"The Surprising Agreement Between Convex Optimization Theory and Learning-Rate Scheduling for Large Model Training"
Below podcast on this paper is generated with Google's Illuminate.
https://arxiv.org/abs/2501.18965
The challenge lies in the empirical nature of learning rate schedules for training large models, hindering theoretical understanding and efficient tuning. This paper addresses this by demonstrating a surprising alignment between these schedules and a suboptimality bound from convex optimization theory.
This paper proposes to use a convex optimization bound to explain and improve learning rate scheduling in deep learning.
-----
📌 Convex optimization theory offers a surprisingly accurate framework for understanding and tuning learning rate schedules in deep learning. This allows for theoretically-grounded schedule design, moving beyond empirical trial and error.
📌 The Warmup Stable Decay schedule's cooldown phase is theoretically justified by the absence of logarithmic terms in the derived bound, directly explaining its practical performance boost over constant schedules.

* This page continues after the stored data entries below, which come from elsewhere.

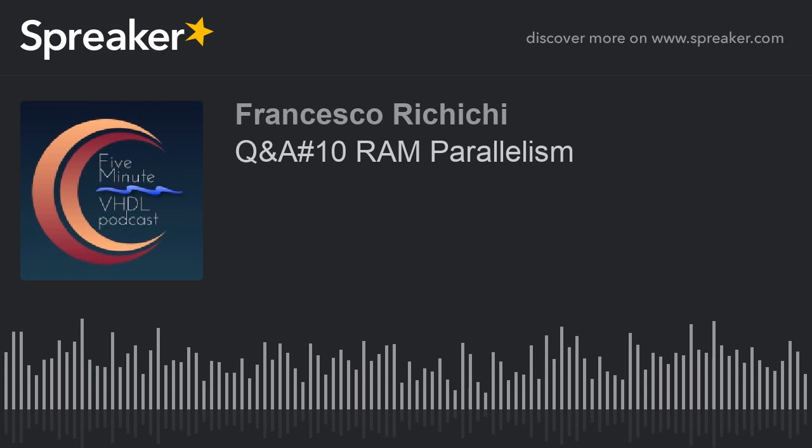I use an array in FPGA where the memory is bigger than needed. For instance, for a 40 data size, I use an array to make a 40-bit RAM. After some email back and forth, the real question was: how can I implement parallelism in an FPGA using the RAM macro block?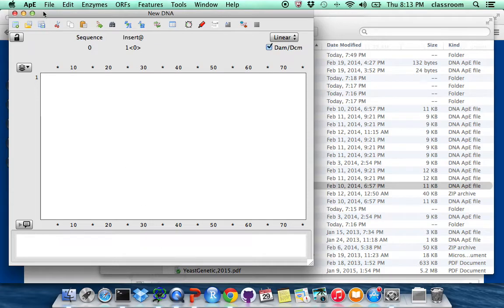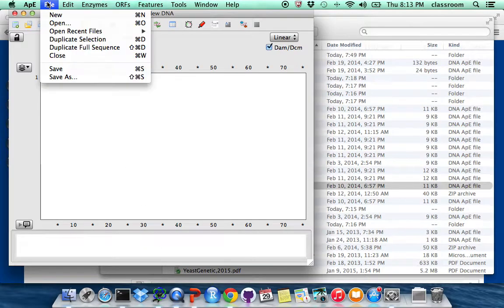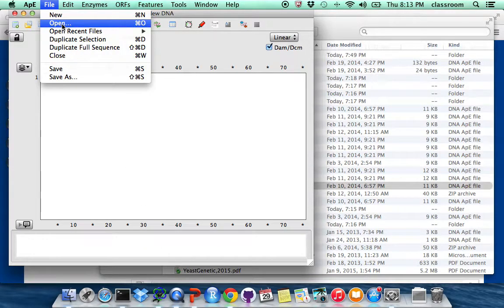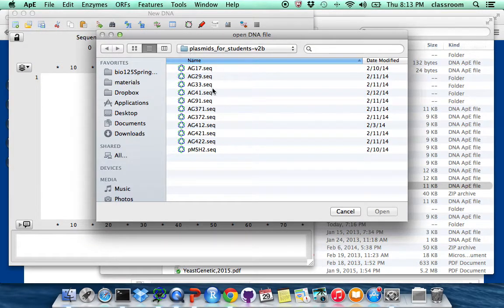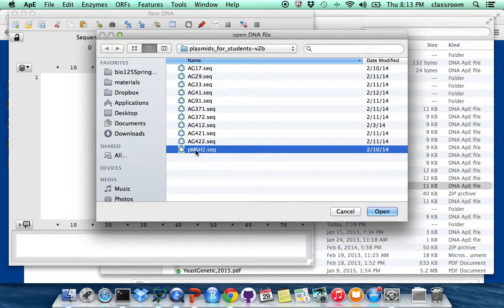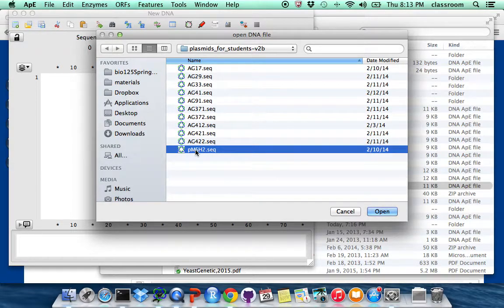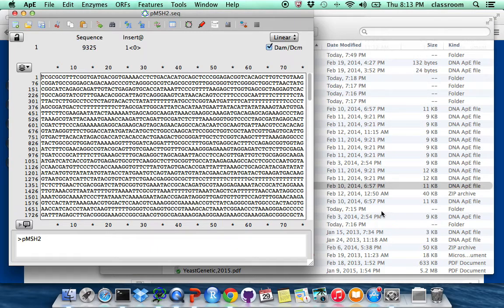So first, let's open APE, then go to File, Open. I'm going to pick PMSH2 sequences for demonstration.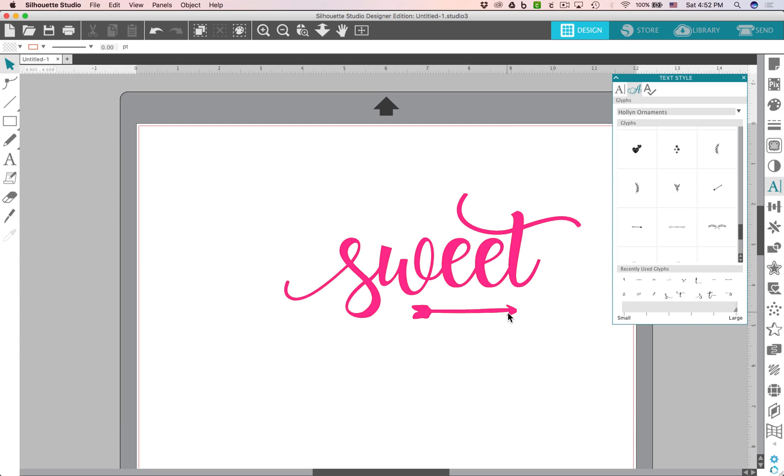So I hope you have fun using this exciting new glyph feature in Silhouette Studio version 4.1 and I will see you next time. Bye bye!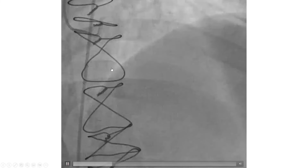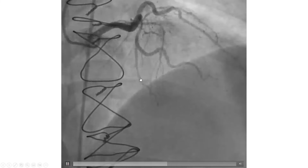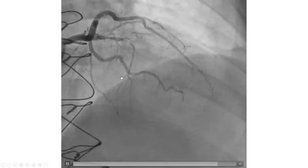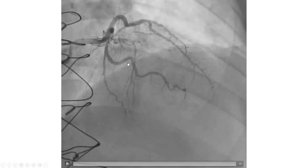This is an LAO cranial view. Again, you can see the lift on that OM as well.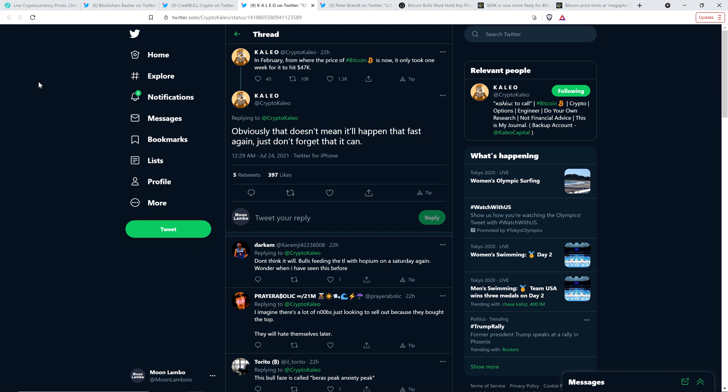Here's a tweet from Kalio, chart analyst. He wrote, 'In February, from where the price of Bitcoin is now, it only took one week for it to hit $47,000.' So think about that. It went up somewhere in the neighborhood of $15,000 in a week. And then he wrote, 'Obviously that doesn't mean it'll happen that fast again. Just don't forget that it can.' So even if you feel down, this is what it's like, the markets test you.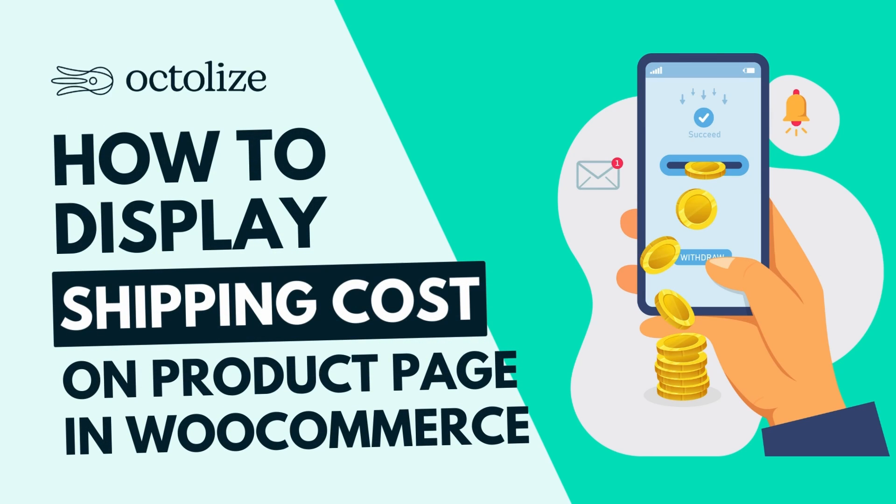Displaying shipping costs on a product page is an important element influencing customers' purchase decisions. WooCommerce itself doesn't have that option, but fortunately there's an easy and free solution for this, and I will show you how to use it.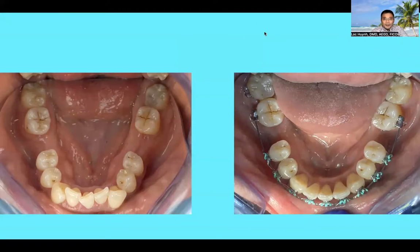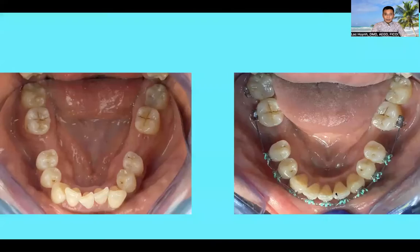Hey guys, welcome back to my YouTube video channel. It's been a while — I haven't had a chance to present some new interesting cases. I just want to share something that can help you guys. If you follow my channel, I will post the continuation video on this case.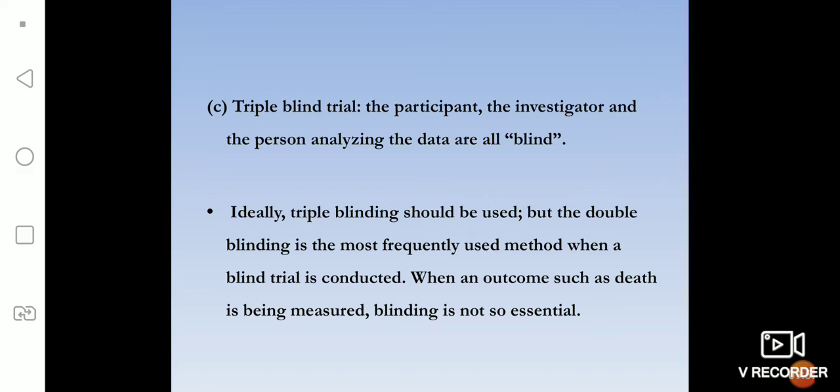Ideally, triple blinding should be used, but double blinding is most frequently followed when a trial is conducted. This is how we conduct randomized control trials, taking necessary precautions to avoid bias and following the procedure called blinding.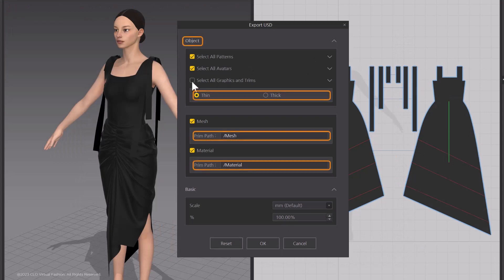When the Export USD window appears, select the object or objects that you want to export, choose your export settings, and designate the prim path to complete the export.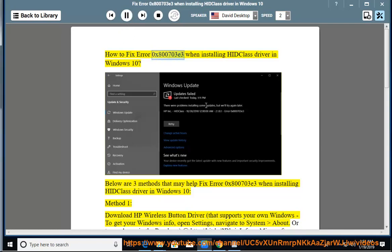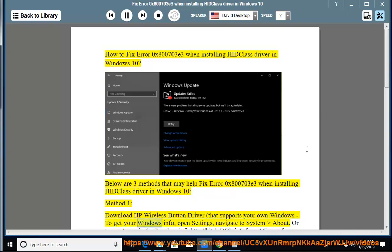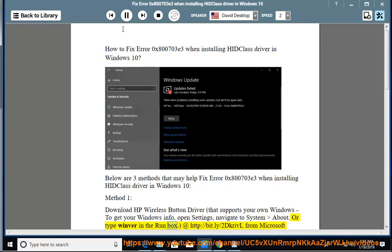How to fix error 0x800703e3 when installing HID Class Driver in Windows 10. Below are three methods that may help fix this error. Method 1: Download HP Wireless Button Driver that supports your own Windows. To get your Windows info, open Settings, navigate to System About, or type 'winver' in the run box.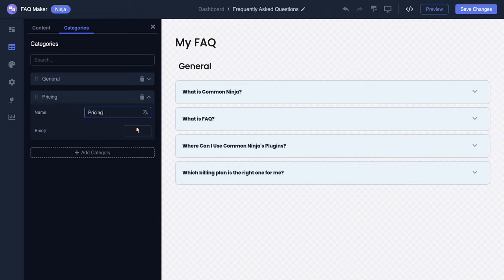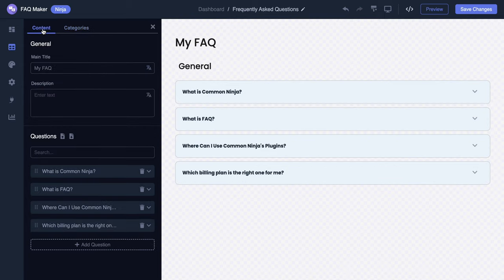Next step is assigning questions to the new category. Head over to the content tab. Here, you can handpick which questions will belong to your newly created category. Select the questions you want to include.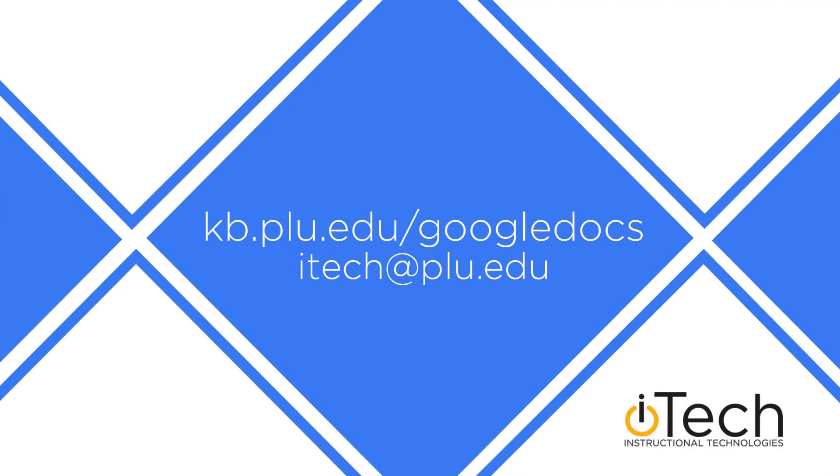More information about Google Docs can be found in our other videos as well as the PLU knowledge base.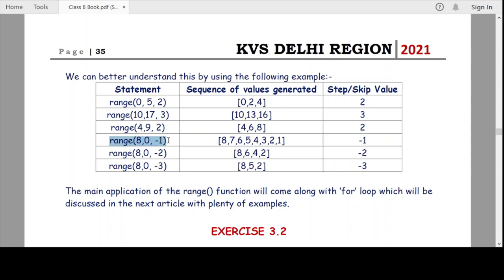Likewise, range(8, 0, -1) uses a negative step value of minus 1, starting from the lower limit 8 with upper limit 0. Because we are decreasing by 1 each time, we get the sequence 8, 7, 6, 5, 4, 3, 2, 1. The step value here is minus 1.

📌 The paper's bound enables learning rate transfer across schedules and training horizons. This significantly reduces hyperparameter tuning costs for continued training and schedule selection in large models.
----------
Methods Explored in this Paper 🔧:
→ This paper uses a last-iterate suboptimality bound for stochastic gradient descent on convex functions to analyze learning rate schedules.
→ The research derives a specific bound for the Warmup Stable Decay (WSD) schedule, highlighting how its cooldown phase eliminates logarithmic terms in the bound, unlike constant schedules.
→ The paper compares the theoretical convergence behavior of Cosine and WSD schedules by calculating and plotting this bound for varying training horizons and base learning rates.
→ It investigates the impact of cooldown length in WSD and the shape of gradient norm bounds on the theoretical convergence.
→ The study validates the theoretical findings using empirical results from training Llama style transformer models and by comparing the theoretical bound with PEP lower bounds.
-----
Key Insights 💡:
→ The theoretical suboptimality bound closely mirrors the empirical loss curves observed during large model training, particularly capturing the sudden loss drop during the WSD cooldown.
→ The optimal base learning rate, derived from minimizing the bound, scales inversely with the square root of the training horizon and differs predictably between Cosine and WSD schedules.
→ The cooldown period in WSD is theoretically justified as it leads to a bound without logarithmic terms, explaining its practical benefits over constant learning rates.
→ Theoretical simulations suggest that linear decay is the optimal cooldown strategy when the base learning rate is fully tuned.
-----
Results 📊:
→ Schedule adaptation for continued training, guided by theory, improves validation loss by approximately 0.01 compared to naive continuation.
→ This improvement of 0.01 in validation loss is estimated to be equivalent to roughly 6,000 to 14,500 additional training steps or increasing model size by 4-5% based on scaling laws.
→ Learning rate transfer from a WSD schedule with 20% cooldown to linear decay, based on theoretical predictions, achieves a final validation loss of 2.9535, compared to 2.9660 for the best 20% cooldown run.